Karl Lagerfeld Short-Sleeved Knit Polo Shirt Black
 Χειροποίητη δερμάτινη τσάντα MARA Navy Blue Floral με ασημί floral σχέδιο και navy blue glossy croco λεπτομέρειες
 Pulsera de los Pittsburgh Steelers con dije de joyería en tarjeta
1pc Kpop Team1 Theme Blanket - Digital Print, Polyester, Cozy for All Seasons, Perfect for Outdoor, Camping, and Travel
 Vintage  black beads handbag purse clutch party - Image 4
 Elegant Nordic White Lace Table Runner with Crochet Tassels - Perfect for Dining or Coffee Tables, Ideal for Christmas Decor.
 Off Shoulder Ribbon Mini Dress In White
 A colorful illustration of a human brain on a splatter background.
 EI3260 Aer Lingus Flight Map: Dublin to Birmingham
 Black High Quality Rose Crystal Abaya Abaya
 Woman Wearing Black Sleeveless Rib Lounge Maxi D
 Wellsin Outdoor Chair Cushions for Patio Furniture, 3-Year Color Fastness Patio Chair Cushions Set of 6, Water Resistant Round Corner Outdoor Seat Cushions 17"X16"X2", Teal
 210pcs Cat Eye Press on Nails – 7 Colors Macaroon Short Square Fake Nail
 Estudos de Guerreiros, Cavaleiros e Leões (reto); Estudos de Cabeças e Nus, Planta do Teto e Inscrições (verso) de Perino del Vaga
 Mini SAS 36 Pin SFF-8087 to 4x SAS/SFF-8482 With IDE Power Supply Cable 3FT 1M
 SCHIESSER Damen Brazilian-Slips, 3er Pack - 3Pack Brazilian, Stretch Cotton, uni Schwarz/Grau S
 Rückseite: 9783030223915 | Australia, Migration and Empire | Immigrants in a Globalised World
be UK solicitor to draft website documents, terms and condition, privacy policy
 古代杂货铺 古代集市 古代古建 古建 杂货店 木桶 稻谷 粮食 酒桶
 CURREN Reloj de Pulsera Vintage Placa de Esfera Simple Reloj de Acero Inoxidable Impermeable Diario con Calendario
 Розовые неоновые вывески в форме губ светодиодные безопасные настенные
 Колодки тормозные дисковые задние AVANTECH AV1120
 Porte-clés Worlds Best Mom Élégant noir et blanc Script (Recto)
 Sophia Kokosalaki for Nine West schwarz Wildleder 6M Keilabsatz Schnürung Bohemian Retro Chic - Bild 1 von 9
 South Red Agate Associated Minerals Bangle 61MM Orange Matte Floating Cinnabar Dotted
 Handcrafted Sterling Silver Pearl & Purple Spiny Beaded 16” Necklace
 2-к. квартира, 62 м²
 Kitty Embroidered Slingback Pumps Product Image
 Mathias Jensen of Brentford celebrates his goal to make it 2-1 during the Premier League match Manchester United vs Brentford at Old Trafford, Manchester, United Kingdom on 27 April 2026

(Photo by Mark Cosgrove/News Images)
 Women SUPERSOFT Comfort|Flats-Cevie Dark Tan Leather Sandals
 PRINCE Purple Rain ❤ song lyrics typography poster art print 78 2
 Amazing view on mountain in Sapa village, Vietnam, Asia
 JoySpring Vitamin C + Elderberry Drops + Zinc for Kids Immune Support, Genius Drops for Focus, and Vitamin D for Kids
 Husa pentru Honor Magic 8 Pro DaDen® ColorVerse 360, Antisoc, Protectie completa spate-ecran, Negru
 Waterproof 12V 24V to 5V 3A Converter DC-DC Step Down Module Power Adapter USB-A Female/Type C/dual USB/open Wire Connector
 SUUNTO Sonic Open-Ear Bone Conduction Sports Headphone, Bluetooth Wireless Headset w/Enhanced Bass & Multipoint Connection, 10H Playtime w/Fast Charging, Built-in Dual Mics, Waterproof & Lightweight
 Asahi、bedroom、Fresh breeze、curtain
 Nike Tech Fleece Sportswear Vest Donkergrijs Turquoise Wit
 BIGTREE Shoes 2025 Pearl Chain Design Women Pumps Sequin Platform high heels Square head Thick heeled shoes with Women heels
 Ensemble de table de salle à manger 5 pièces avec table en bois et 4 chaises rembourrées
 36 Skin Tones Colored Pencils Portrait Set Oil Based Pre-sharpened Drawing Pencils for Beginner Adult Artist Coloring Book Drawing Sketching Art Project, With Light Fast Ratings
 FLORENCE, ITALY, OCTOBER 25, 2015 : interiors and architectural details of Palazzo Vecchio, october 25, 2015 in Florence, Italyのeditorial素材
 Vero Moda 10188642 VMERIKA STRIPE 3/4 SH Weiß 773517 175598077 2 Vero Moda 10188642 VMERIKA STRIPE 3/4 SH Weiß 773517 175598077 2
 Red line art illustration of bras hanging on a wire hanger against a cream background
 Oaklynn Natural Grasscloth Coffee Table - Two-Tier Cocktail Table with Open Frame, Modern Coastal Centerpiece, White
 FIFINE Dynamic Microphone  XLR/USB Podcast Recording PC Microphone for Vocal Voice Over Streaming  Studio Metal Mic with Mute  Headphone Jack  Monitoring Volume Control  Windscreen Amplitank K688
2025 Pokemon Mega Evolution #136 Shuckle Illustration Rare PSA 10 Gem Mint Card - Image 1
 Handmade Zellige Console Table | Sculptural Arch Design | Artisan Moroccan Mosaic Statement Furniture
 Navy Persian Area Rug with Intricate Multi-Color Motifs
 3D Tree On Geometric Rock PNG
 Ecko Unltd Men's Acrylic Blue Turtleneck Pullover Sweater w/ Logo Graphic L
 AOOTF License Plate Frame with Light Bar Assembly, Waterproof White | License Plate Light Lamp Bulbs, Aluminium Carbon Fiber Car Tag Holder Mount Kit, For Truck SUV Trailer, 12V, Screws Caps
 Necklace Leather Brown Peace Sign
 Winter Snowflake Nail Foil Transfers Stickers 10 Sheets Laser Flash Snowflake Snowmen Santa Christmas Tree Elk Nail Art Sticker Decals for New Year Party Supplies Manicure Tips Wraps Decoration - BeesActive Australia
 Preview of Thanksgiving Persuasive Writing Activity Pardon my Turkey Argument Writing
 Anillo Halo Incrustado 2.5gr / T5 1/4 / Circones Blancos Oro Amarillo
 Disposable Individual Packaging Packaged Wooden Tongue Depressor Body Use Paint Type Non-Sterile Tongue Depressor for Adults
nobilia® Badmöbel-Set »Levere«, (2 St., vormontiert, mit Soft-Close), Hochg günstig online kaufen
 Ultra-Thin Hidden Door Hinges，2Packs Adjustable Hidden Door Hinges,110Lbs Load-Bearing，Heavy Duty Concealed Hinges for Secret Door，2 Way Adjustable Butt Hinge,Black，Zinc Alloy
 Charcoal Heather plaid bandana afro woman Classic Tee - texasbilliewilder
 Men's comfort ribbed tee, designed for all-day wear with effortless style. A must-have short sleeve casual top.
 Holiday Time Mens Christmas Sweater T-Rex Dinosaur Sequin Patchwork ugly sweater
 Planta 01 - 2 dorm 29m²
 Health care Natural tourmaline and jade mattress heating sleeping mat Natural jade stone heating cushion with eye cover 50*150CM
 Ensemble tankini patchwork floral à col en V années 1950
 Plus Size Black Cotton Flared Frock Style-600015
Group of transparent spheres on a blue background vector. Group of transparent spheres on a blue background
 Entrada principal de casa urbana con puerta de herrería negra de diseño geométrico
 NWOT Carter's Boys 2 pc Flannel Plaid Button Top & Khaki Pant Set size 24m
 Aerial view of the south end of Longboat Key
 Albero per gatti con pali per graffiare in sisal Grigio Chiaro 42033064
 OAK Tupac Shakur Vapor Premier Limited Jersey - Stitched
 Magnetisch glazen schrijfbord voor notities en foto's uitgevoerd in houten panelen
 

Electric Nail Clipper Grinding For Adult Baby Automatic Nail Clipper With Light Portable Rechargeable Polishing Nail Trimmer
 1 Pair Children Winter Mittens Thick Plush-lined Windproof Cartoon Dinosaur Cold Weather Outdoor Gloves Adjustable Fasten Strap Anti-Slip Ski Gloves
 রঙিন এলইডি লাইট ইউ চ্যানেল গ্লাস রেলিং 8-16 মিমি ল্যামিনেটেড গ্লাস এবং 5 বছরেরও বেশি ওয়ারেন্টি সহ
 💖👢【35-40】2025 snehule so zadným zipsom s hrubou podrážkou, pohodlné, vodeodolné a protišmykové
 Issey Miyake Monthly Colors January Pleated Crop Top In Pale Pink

## Required work
From the material above, retype precisely the lines between the line holding "Ensemble de table" and the line holding "175598077 2 Vero", inclusive, and nothing beyond them.

## Written reply
 Ensemble de table de salle à manger 5 pièces avec table en bois et 4 chaises rembourrées
 36 Skin Tones Colored Pencils Portrait Set Oil Based Pre-sharpened Drawing Pencils for Beginner Adult Artist Coloring Book Drawing Sketching Art Project, With Light Fast Ratings
 FLORENCE, ITALY, OCTOBER 25, 2015 : interiors and architectural details of Palazzo Vecchio, october 25, 2015 in Florence, Italyのeditorial素材
 Vero Moda 10188642 VMERIKA STRIPE 3/4 SH Weiß 773517 175598077 2 Vero Moda 10188642 VMERIKA STRIPE 3/4 SH Weiß 773517 175598077 2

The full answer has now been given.